** Opening Dataset content block **
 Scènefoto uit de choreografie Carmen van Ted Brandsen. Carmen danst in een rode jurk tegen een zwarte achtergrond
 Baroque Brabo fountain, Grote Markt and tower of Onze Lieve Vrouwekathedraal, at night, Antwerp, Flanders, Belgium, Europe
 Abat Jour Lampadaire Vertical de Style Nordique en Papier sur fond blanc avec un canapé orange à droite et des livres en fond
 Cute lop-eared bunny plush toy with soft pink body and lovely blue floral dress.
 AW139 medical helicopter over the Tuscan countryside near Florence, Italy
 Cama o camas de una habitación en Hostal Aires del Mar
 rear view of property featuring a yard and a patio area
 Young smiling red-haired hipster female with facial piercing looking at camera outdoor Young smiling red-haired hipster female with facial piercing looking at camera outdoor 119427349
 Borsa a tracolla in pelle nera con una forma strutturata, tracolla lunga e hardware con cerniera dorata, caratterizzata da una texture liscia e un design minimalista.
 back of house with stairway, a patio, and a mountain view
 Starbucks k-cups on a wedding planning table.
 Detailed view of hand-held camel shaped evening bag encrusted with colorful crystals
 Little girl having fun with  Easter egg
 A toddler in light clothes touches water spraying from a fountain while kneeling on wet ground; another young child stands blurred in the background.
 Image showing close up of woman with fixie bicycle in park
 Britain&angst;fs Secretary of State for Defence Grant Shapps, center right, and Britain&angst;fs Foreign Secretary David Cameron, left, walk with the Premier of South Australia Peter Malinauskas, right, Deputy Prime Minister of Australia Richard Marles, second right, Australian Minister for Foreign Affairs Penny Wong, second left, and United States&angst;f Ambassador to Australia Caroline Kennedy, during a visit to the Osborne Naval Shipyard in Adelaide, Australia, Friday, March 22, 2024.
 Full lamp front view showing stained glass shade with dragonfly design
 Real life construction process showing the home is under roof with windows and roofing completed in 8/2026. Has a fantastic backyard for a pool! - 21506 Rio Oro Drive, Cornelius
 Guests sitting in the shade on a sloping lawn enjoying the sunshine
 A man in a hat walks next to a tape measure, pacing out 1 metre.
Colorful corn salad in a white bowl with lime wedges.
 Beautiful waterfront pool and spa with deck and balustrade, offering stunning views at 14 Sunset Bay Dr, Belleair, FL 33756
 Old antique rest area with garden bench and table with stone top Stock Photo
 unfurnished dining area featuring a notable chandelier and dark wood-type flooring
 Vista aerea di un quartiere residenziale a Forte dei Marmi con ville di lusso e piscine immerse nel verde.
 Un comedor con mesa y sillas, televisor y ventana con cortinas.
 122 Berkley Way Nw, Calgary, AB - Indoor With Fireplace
** Closing Dataset content block **
__To do__
Would you restate each line of the material above word for word?

__The answer__
 Scènefoto uit de choreografie Carmen van Ted Brandsen. Carmen danst in een rode jurk tegen een zwarte achtergrond
 Baroque Brabo fountain, Grote Markt and tower of Onze Lieve Vrouwekathedraal, at night, Antwerp, Flanders, Belgium, Europe
 Abat Jour Lampadaire Vertical de Style Nordique en Papier sur fond blanc avec un canapé orange à droite et des livres en fond
 Cute lop-eared bunny plush toy with soft pink body and lovely blue floral dress.
 AW139 medical helicopter over the Tuscan countryside near Florence, Italy
 Cama o camas de una habitación en Hostal Aires del Mar
 rear view of property featuring a yard and a patio area
 Young smiling red-haired hipster female with facial piercing looking at camera outdoor Young smiling red-haired hipster female with facial piercing looking at camera outdoor 119427349
 Borsa a tracolla in pelle nera con una forma strutturata, tracolla lunga e hardware con cerniera dorata, caratterizzata da una texture liscia e un design minimalista.
 back of house with stairway, a patio, and a mountain view
 Starbucks k-cups on a wedding planning table.
 Detailed view of hand-held camel shaped evening bag encrusted with colorful crystals
 Little girl having fun with  Easter egg
 A toddler in light clothes touches water spraying from a fountain while kneeling on wet ground; another young child stands blurred in the background.
 Image showing close up of woman with fixie bicycle in park
 Britain&angst;fs Secretary of State for Defence Grant Shapps, center right, and Britain&angst;fs Foreign Secretary David Cameron, left, walk with the Premier of South Australia Peter Malinauskas, right, Deputy Prime Minister of Australia Richard Marles, second right, Australian Minister for Foreign Affairs Penny Wong, second left, and United States&angst;f Ambassador to Australia Caroline Kennedy, during a visit to the Osborne Naval Shipyard in Adelaide, Australia, Friday, March 22, 2024.
 Full lamp front view showing stained glass shade with dragonfly design
 Real life construction process showing the home is under roof with windows and roofing completed in 8/2026. Has a fantastic backyard for a pool! - 21506 Rio Oro Drive, Cornelius
 Guests sitting in the shade on a sloping lawn enjoying the sunshine
 A man in a hat walks next to a tape measure, pacing out 1 metre.
Colorful corn salad in a white bowl with lime wedges.
 Beautiful waterfront pool and spa with deck and balustrade, offering stunning views at 14 Sunset Bay Dr, Belleair, FL 33756
 Old antique rest area with garden bench and table with stone top Stock Photo
 unfurnished dining area featuring a notable chandelier and dark wood-type flooring
 Vista aerea di un quartiere residenziale a Forte dei Marmi con ville di lusso e piscine immerse nel verde.
 Un comedor con mesa y sillas, televisor y ventana con cortinas.
 122 Berkley Way Nw, Calgary, AB - Indoor With Fireplace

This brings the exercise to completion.